Pour rendre hommage aux hommes et aux femmes qui l’ont développé, la Société Schongauer a invité Carole Martinez lors de la première résidence artistique initiée par le musée.
Au fil de onze nouvelles, Carole Martinez accompagne le lecteur à la rencontre de voix passionnées et envoûtantes. Elle esquisse finement le portrait de ces vies en mêlant histoires, intimités et arts.
Nous découvrons ainsi, entre autres, Louis Hugot, archiviste-bibliothécaire et fondateur du musée au 19e siècle, Auguste Bartholdi, le célèbre sculpteur, Florine Langweil, marchande d’art et donatrice ou encore Hansi et Madeleine Jehl, archéologue. Chacun s’exprime à la 1re personne racontant qui une anecdote, qui son passé ou son métier.

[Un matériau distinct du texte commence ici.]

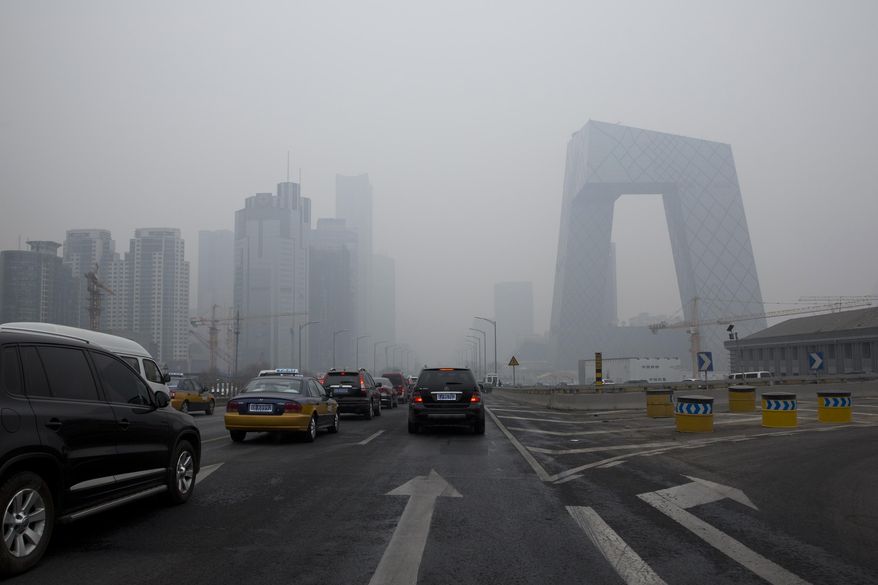 Cars clog in the traffic in Beijing's Central Business District on a hazy day, Friday, Feb. 21, 2014. A rare air pollution alert issued Friday in Beijing prompted health advisories and bans on barbeques, fireworks and demolition work, but fell short of the strictest measures which would include ordering half the city’s cars off the streets. (AP Photo/Alexander F. Yuan)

La plume de Carole Martinez est fluide et poétique, comme à son habitude. Elle met tout son talent à donner vie à ceux qui ont participé au succès d’Unterlinden, de la rénovation du couvent au magnifique musée actuel. A travers eux, c’est aussi l’histoire de l’Alsace que l’on découvre avec ses changements d’état et de nationalité ou ses combats.
Un court livret riche en histoire et poésie, au charme puissant qu’on aurait aimé plus long.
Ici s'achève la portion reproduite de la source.